Urasawa prende personaggi già noti a chi ha letto Astro Boy (sopra una comparaizone tra i personaggi originali e quelli ridisegnati per Pluto) e li usa per raccontare un mondo in cui la lotta per i diritti, per l’affermaizone di sé stessi e le discriminazioni flagellano la società. Se è vero che i robot umanodi hanno ottenuto la parità con gli esseri umani, è altresì vero che l’odio verso di loro non ha mai smesso di crescere.

Uno scenario politico che eleva la narrazione, presentando Leggi per la protezione dei diritti dei robot, sistemi di adozione dedicati agli automi e sette estremiste che ne auspicano l’abrogazione o che sfogano il loro dissenso con la violenza.
L’opera immagina una società semi-distopica, triste ma verosimile, in cui le macchine impattano nella società con la stessa forza di una nuova razza aliena in cerca di una casa, o semplicemente di essere libera di vivere in pace.

“La cosa di cui ho più paura sono io, ora che ho imparato ad odiare”.

L’odio è il sentimento più pericoloso, quello che risvelgia anche i cuori più freddi e che ottenebra ogni altro sentimento, ed è al centro dell’intera narrazione. Ognuno dei sette grandi robot ha imparato qualcosa dagli esseri umani, ha appreso un pizzico di sentimento o ha conosciuto l’ombra di un’emozione, ma solo uno di loro conosce l’odio e lo ha appreso come rovescio della moneta dell’amore. E proprio la ricerca di questo sentimento, del suo valore e del modo di combatterlo, è il cuore dell’intera narrazione.

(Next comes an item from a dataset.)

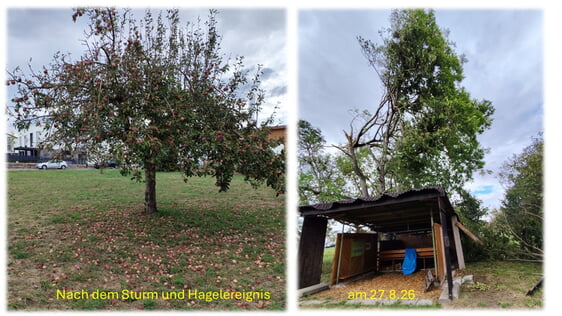 Nach dem Sturm- und Hagelereignis am 27.8.26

Pluto è un’opera che ci mostra esseri umani immorali, robot capaci di piangere e la follia insita nella perfezione. Ogni episodio ci mostra un lato della vita, un’emozione, lungo una strada oscurata dall’odio.

Forse il finale, l’intero ultimo episodio, risulta un po’ troppo effimero e “giapponese” per un pubblico occidentale, ma nel complesso credo che la serie (così come il manga) valga la pena di essere vista.